§ Data provided:
*** Begin section ***
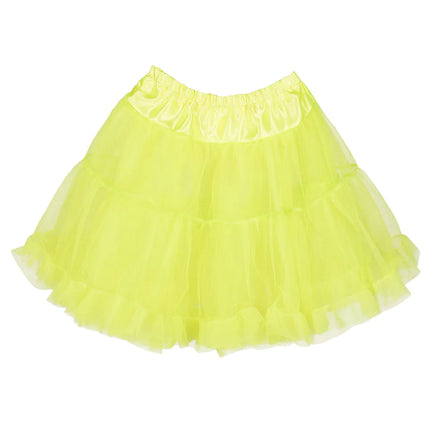 Petticoat Neon keltainen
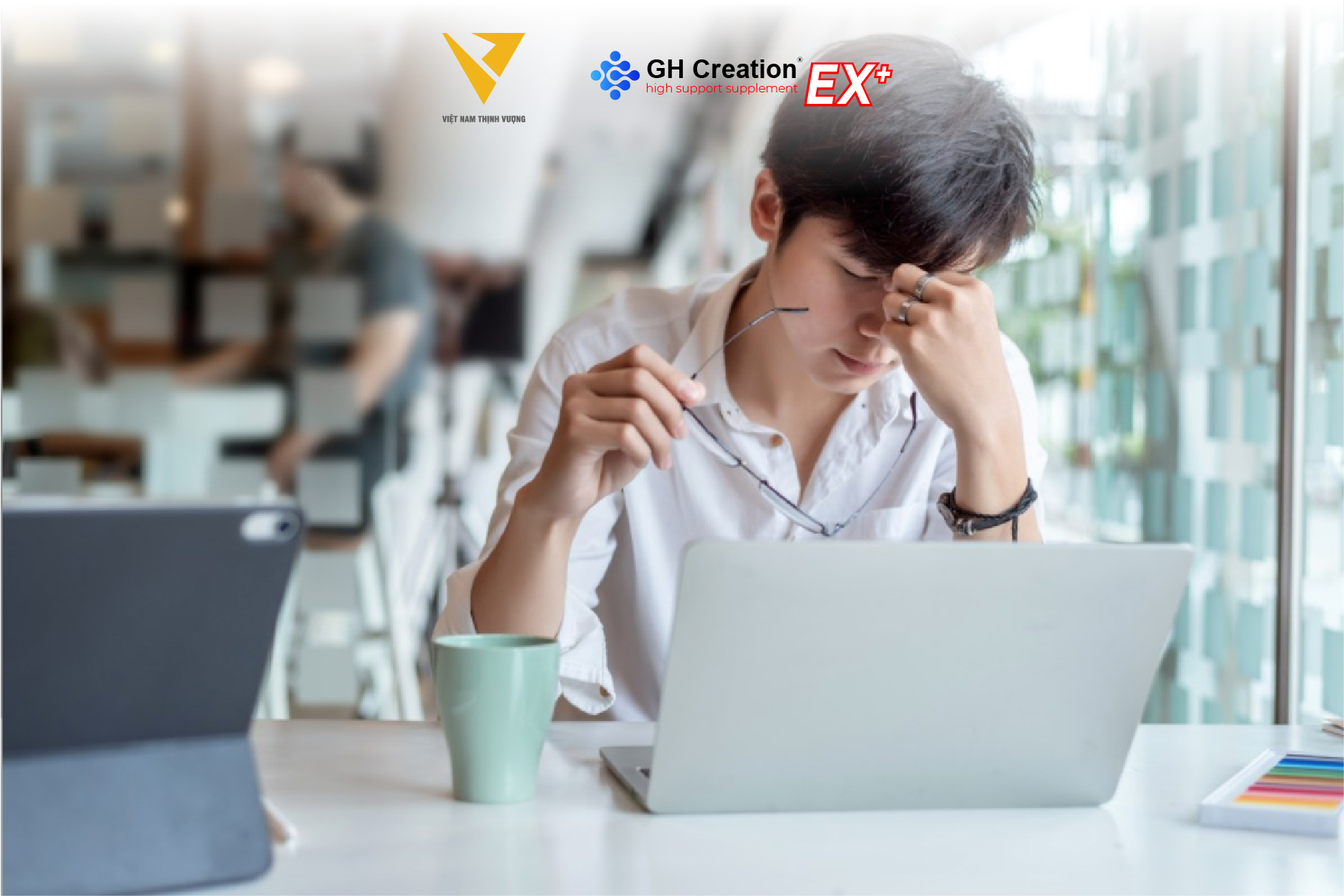 Giảm stress cho người trưởng thành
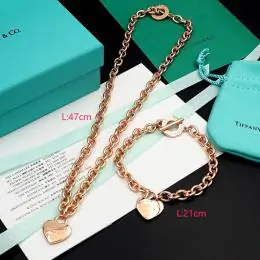 tiffany ensemble de bijoux s_1204a16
*** End section ***
§ Exercise directions: Would you give the data above again word for word, minus the pictures?

§ The answer:
 Petticoat Neon keltainen
 Giảm stress cho người trưởng thành
 tiffany ensemble de bijoux s_1204a16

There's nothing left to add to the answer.